Según explicó el propio Fröhlich al periódico suizo Blikk, su intención era transmitir un mensaje sobre la inevitable superioridad de la naturaleza frente a la creación humana.
En un bosque privado de Mettmann, una pequeña localidad situada cerca de Düsseldorf, en Alemania, se esconde una de las colecciones más insólitas del mundo automovilístico. Allí, bajo los árboles y cubiertos por una espesa capa de musgo y óxido, descansan 50 coches clásicos fabricados en 1950. No se trata de un abandono fortuito ni de un depósito ilegal, sino de una instalación artística creada por el coleccionista y empresario alemán Michael Fröhlich.
La colección fue concebida a comienzos del año 2000, cuando Fröhlich decidió celebrar su 50.º cumpleaños de una manera muy particular. Para marcar ese hito, compró 50 coches, todos producidos en el mismo año de su nacimiento: 1950. Entre ellos había modelos emblemáticos de Mercedes-Benz, Jaguar, Alfa Romeo, Ford, Opel, Citroën y Volkswagen, entre otros.
Sin embargo, en lugar de exhibirlos en un museo o en una colección privada, Fröhlich optó por llevarlos a su bosque en Mettmann y estacionarlos allí, a la intemperie, dejando que el clima y la vegetación actuaran libremente sobre ellos. Su propósito no era el descuido, sino un gesto artístico. Bautizó la instalación como “Auto Escultura” (Auto Skulpturenpark en alemán) y la presentó brevemente a la prensa antes de cerrarla al público general.
Según explicó el propio Fröhlich al periódico suizo Blikk, su intención era transmitir un mensaje sobre la inevitable superioridad de la naturaleza frente a la creación humana. “La Madre Naturaleza es el mayor ecualizador”, afirmó el artista. “A medida que las máquinas se degradan, la vida vuelve a surgir. Nada hecho por el hombre perdura para siempre”.
Las fotografías de los coches, devorados lentamente por el óxido, con capós cubiertos de musgo y parabrisas rotos invadidos por ramas y hojas, circularon rápidamente por internet y despertaron tanto fascinación como controversia. Algunos vieron en la obra una poderosa metáfora sobre el tiempo, la decadencia y la fugacidad de los logros humanos; otros, en cambio, la calificaron de “capricho excéntrico” y de un “sacrificio innecesario” de piezas históricas del automovilismo.
Fröhlich no se limitó a colocar los coches al azar. Cada vehículo fue ubicado con un sentido simbólico dentro del paisaje. Además, añadió elementos que refuerzan el mensaje de su obra, como un fragmento original del Muro de Berlín, que sirve como recordatorio de los ciclos de creación y destrucción que marcan la historia humana.

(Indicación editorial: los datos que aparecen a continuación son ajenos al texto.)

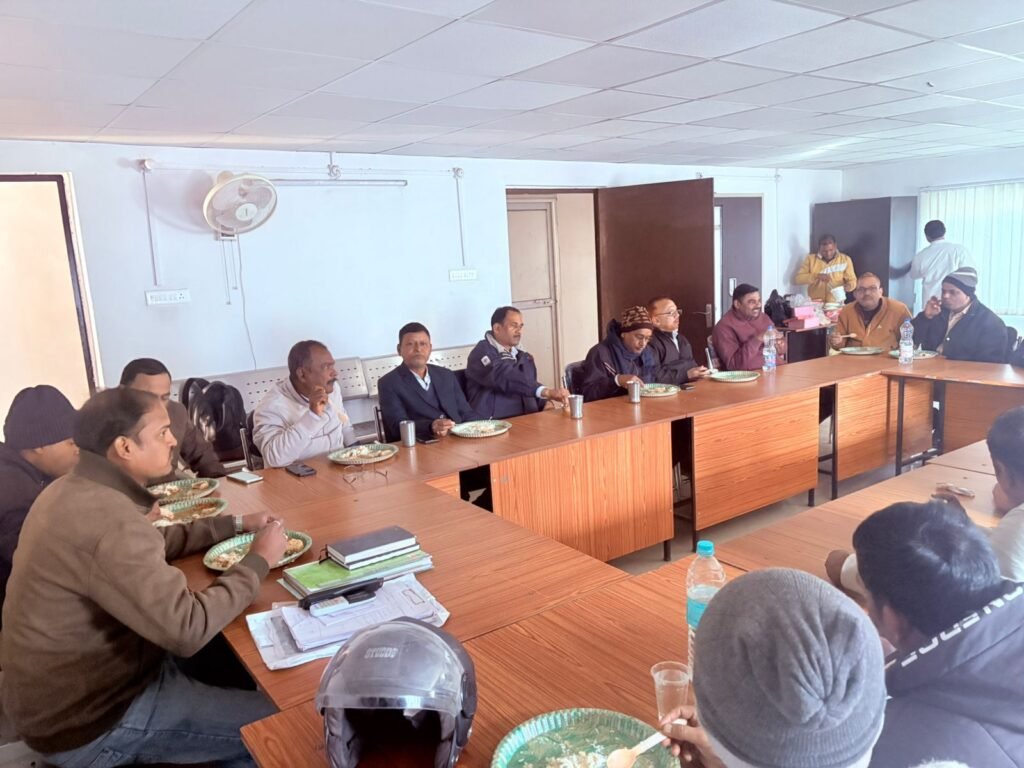 image editor output image1950833172 17685343333366051634584756229117 स्टेशन मास्टर्स एसोसिएशन की गया शाखा ने मनाया भव्य 'चुड़ा-दही सहभोज' कार्यक्रम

Hoy, más de dos décadas después de su inauguración, los coches apenas conservan su forma original. De la pintura brillante y los cromados relucientes solo quedan rastros. La naturaleza ha reclamado su espacio: raíces que atraviesan las carrocerías, líquenes que cubren los asientos y árboles que crecen entre los chasis.
Su obra sigue dividiendo opiniones. Para algunos, Fröhlich es un visionario; para otros, un romántico obsesionado con la decadencia. Pero, sea cual sea la interpretación, su bosque de coches oxidados permanece como un recordatorio tangible de que incluso las tecnologías más perfectas terminan cediendo ante la naturaleza.